One fuzzy ear sticking up, the second flopped over one shiny black eye, fangs just peeping over his dapper bow tie. While I sleep, he whispers my hopes and dreams back to me in a voice only I can hear.
CLOVIS!
Sail, that was, quite literally, the only case of a baby having a stroke that I've ever heard of. Never before or since.
To Have and...
When it was over—the sweatyslick movement of skin sliding across skin and a hand or a tongue or was that a shoulder brushing against her body—she was empty and full all at once. His chest pillowed her head; her arm draped his waist. They twined together like satisfaction.

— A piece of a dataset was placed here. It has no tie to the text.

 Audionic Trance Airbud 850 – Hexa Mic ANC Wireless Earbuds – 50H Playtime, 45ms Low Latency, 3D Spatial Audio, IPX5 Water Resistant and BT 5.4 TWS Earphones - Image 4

The scent of their bodies combined, a heady musk settling across them, saturating their pores. Later, she would cup her hair to her nose and inhale this moment again. Later, the memory of this would make her smile inconveniently in the middle of a meeting.
Not the sex. The holding.
My contribution.
How the shoebox has survived nearly 25 years I don't know. The letters inside should probably have gone the way of the world long ago. Letters from Joe to my college-aged, naive self. I read them, and I'm her again, and the pain is too real. I'd go back, if I could, and tell her we'd become the kind of woman Joe dreaded, strong and confident. Reading them, though, reminds me that I loved him.

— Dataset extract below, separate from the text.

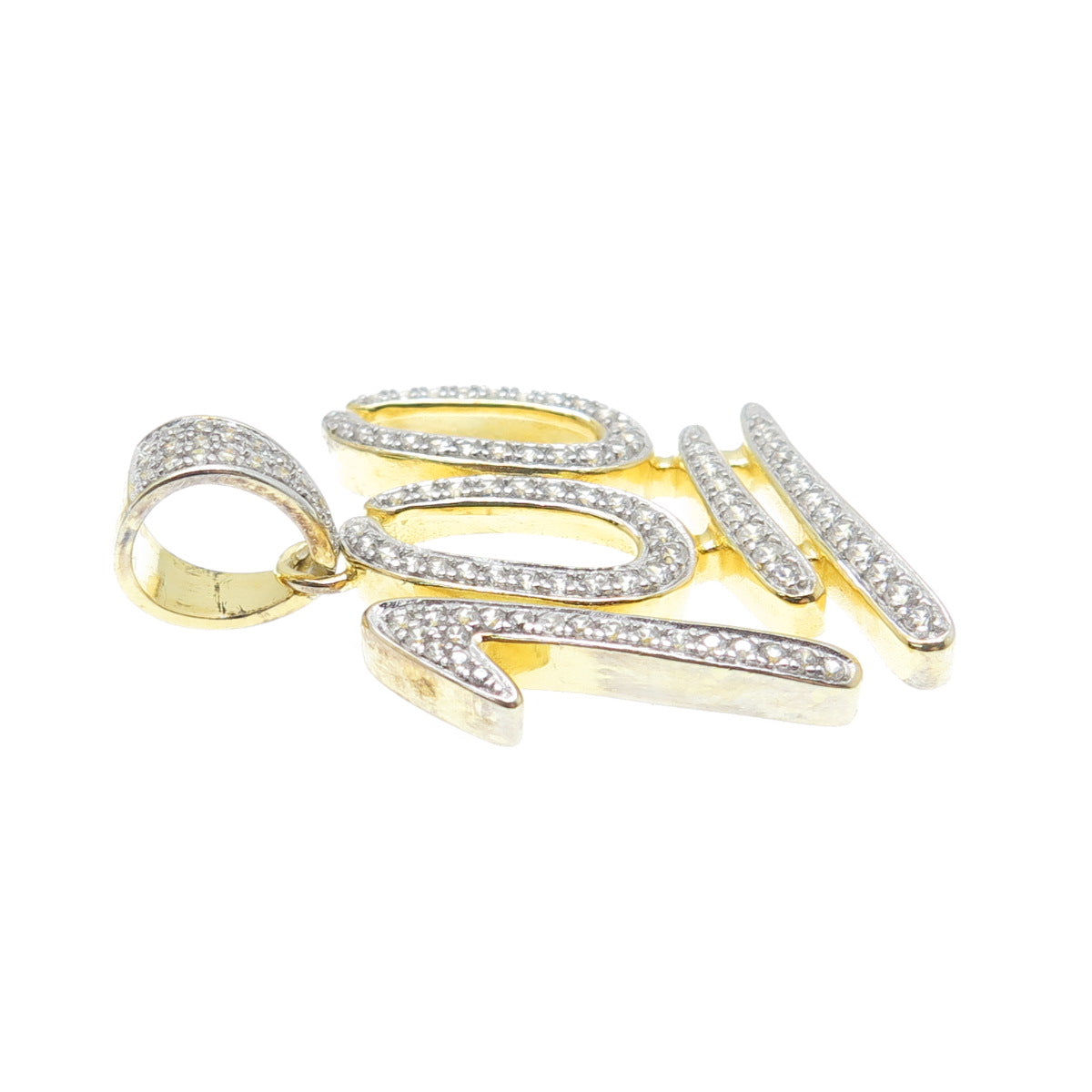 925 Sterling Silver Gold Plated Round-Cut C Z Number 100 Charm Pendant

They've been here too long. I reach for the shredder, pause, then grab the matches.
Souls are freed on flaming pyres, and hers is long past due.
Holy crap. Just went back and read the drabbles on this to date.
Erika, that was amazing. The way you repeated the word hold and cycled the passage of time...wow.
Deb, beautifully hopeful. I love how you used Pandora's box here.
Sail, wow. Painful. Wrenching.
Jilli, I love the description of Clovis! I especially love this line: "One fuzzy ear sticking up, the second flopped over one shiny black eye, fangs just peeping over his dapper bow tie." So very evocative.
Connie, that one nearly broke me. Because I burned every single memento I had of the affair that defined the first half of my life, every photograph, every single anything.
It didn't free anything, alas.
What Kristin said. All very inspired pieces, today, including hers. I'm so glad I finally started reading and posting in this thread. I can't believe I was missing out on such good stuff.
Fortunately, the only thing about Joe that I regret is the sex. He listened to Rush Limbaugh before Rush was fashionable and before my opinions finished coalescing. Still, he had his uses, and he convinced me I could be sexy.
Her lungs tremble with the effort and her nostrils burn as they flare uselessly. It's okay if she gets dizzy, a little. She just has to keep quiet.
Slowly, she squirms further and further away from the edge of the bed until her back is braced against the wall's surface. She can see the light under the crack of the door from this far underneath, but she squeezes her eyes shut against the knowledge and tries not to exhale.
Quiet as mice. Quiet as whispers, feathers, dark. Quiet.
The pull on her wrist is harsh and twisting when it comes.
Holding/Containor Drabble #2
The metal cylinder held fifteen coiled sheets, blueprints curled tightly into themselves like a promise. The purple lines traced bedroom, bathroom, kitchen, stairs, closet, another hallway leading to another bedroom leading to another dream of the future. They were the sound of the backhoe digging out the foundation and the swift movement of the hammer hitting the nail. They were the map to a new home, a new debt, a new set of obligations and recriminations and consequences.
The metal cylinder rests against the wall in the living room still, a reminder of how hard concrete becomes once it’s set.